Both LLCs and LLPs are governed by the laws of individual states, which dictate the filing requirements for both corporate forms. Generally, LLCs and LLPs both are required to file articles of organization with the secretary of state or similar official and pay the associated filing fee. This fee ranges anywhere from under $50 to over $500, depending on the state. The state may also require the simultaneous filing of an operating agreement for an LLC and a partnership agreement for an LLP, although this is not required in all jurisdictions.
LLCs and LLPs can generally have an unlimited number of owners, who are called "members" in LLCs and "partners" in LLPs. An LLP, however, must have at least two partners, whereas an LLC can have a single member who owns everything and conducts business through one or more employees. An LLP can have employees, as well, but there can be no solely-owned entities.
Both LLCs and LLPs are formed to provide the owners with some sort of protection against suit due to the torts of other members, partners or employees. The difference is that the protection offered to LLP partners may be limited to specific torts, such as negligence, but leave them open to suit for partners' other wrongs such as breach of contract or fraud. Additionally, some states require that each LLP have a "general partner" who has unlimited liability.

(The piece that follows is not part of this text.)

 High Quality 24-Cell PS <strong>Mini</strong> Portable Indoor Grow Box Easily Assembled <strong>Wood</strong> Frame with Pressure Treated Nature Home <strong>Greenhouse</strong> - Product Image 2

Both LLCs and LLPs provide their members with "pass-through" tax treatment, which means that the business's profits flow through the company and onto the owners' individual tax returns. This helps members and partners avoid the pitfalls of double taxation that exist with respect to corporations, where the corporation pays corporate tax on its earnings and the shareholders then pay tax on their dividends. Pass-through taxation is a major benefit to organizing as an LLC or LLP as opposed to choosing a traditional corporation.
Why Choose Either
The LLC and LLP are similar and the reasons for choosing one over the other deal chiefly with variations in the law from state to state. Potential partners may not wish to designate one as a general partner with unlimited liability, so in states requiring an LLP to have a general partner, these individuals may organize as an LLC. Certain professionals, such as doctors and lawyers, may not be eligible for LLC organization in every state. As such, a professional organization that could operate as an LLC in one state but not in another may choose the LLP form to enable it to operate in the other state.